::: Exercise input :::

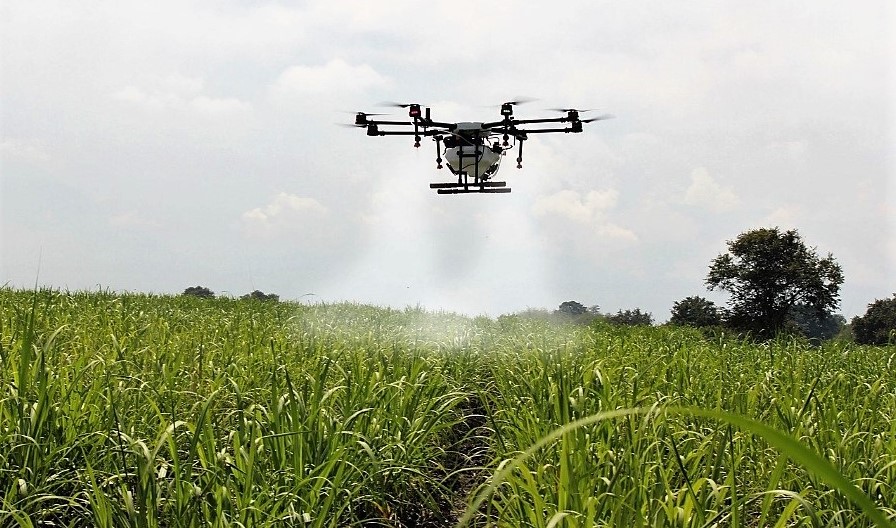 The Maharashtra government introduces subsidy program for drones in agriculture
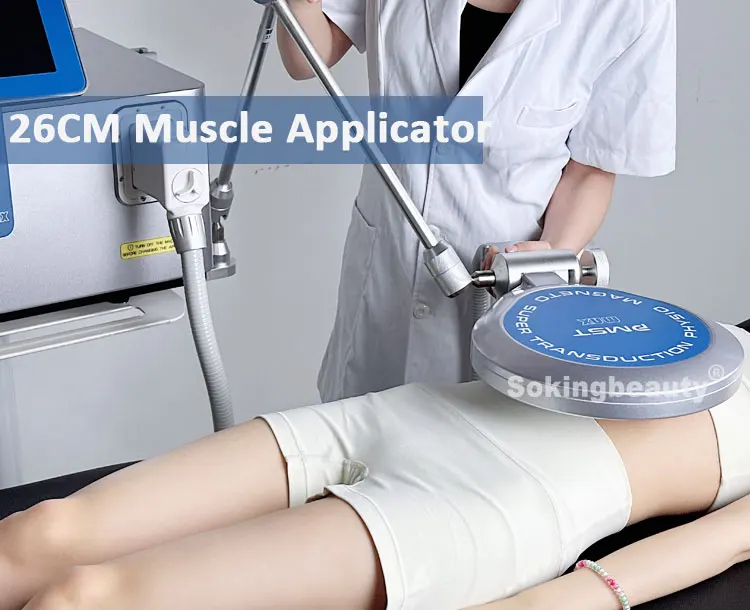 Newest Machines Dual Channel Magnetic Pulse PMST MAX DUO 7 Tesla High Energy Magneto Inductive Therapy Machine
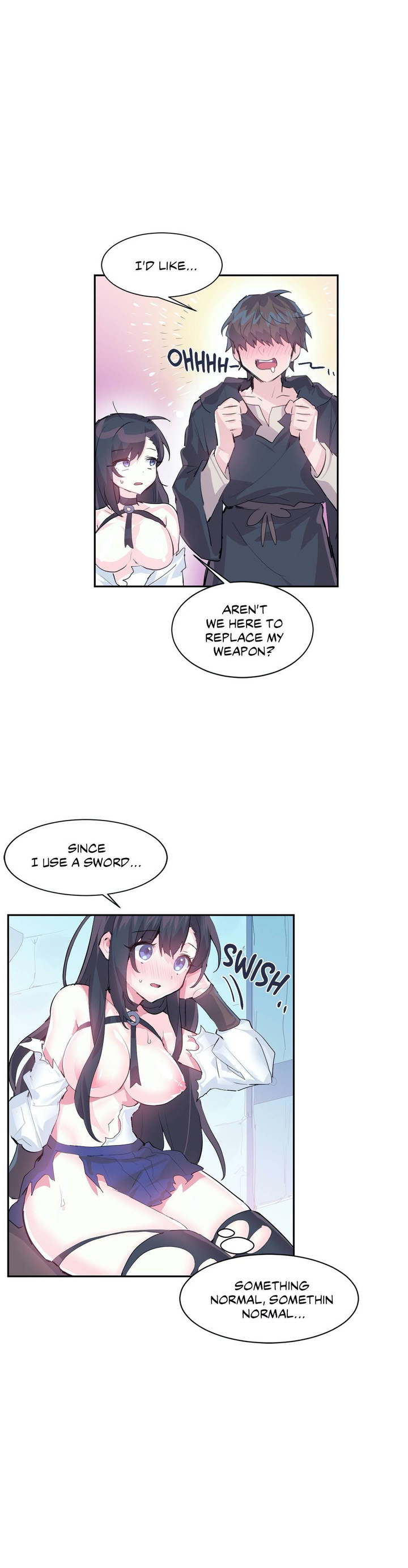 Log in to Lust-a-land Chapter 6 Page 8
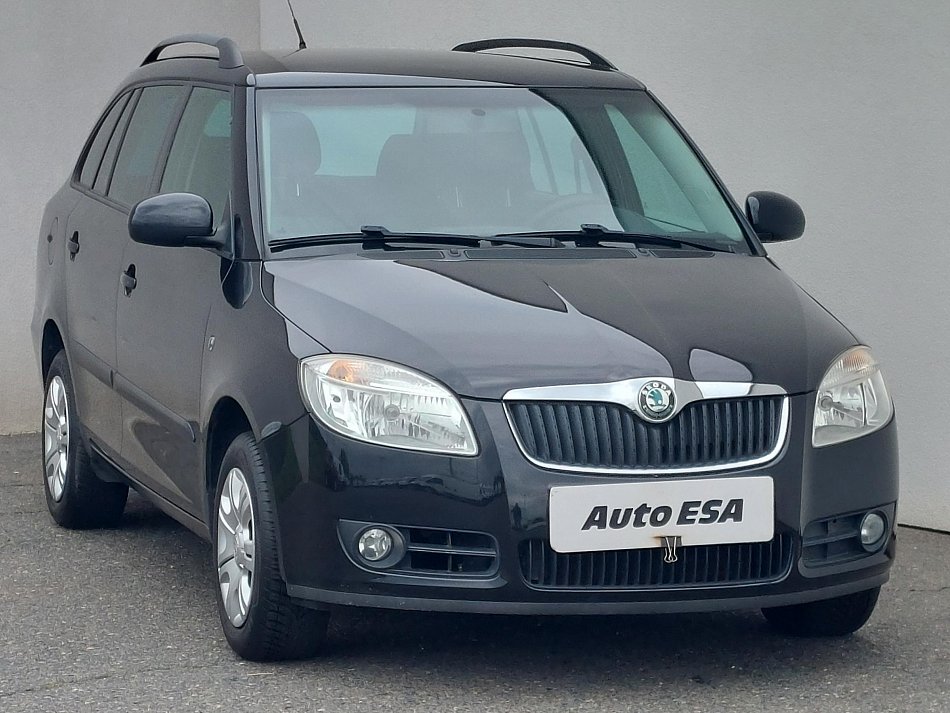 Škoda Fabia II 1.2 HTP Ambiente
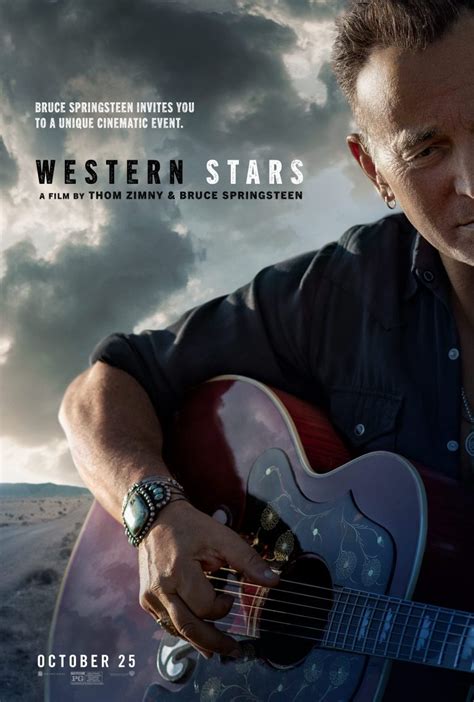 ‘Western Stars – Songs From The Film’ Album To Accompany Bruce ...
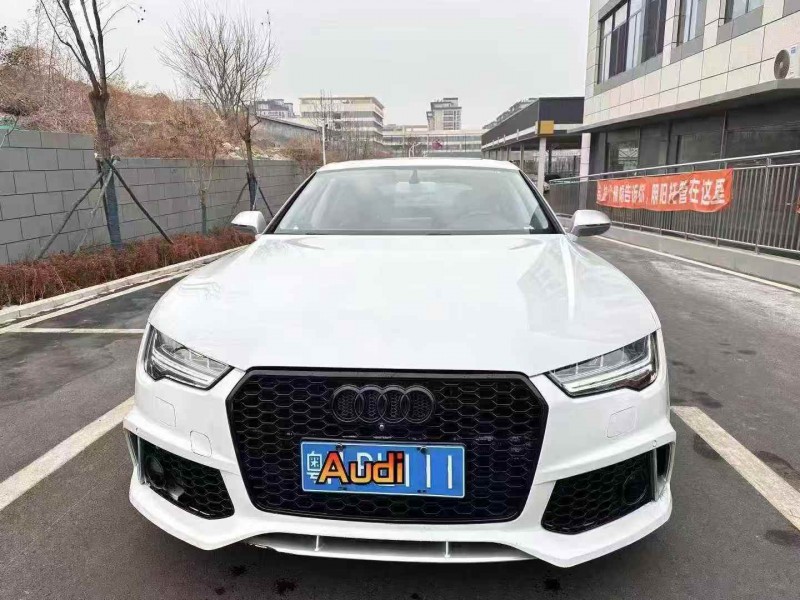 烟台18年奥迪A7L1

:::

• [About this exercise]: What you return must match, line for line, the span from the line containing "Škoda Fabia II 1.2 HTP Ambiente" through the last line of the listing above, with every picture omitted.

• [Exercise result]:
 Škoda Fabia II 1.2 HTP Ambiente
 ‘Western Stars – Songs From The Film’ Album To Accompany Bruce ...
 烟台18年奥迪A7L1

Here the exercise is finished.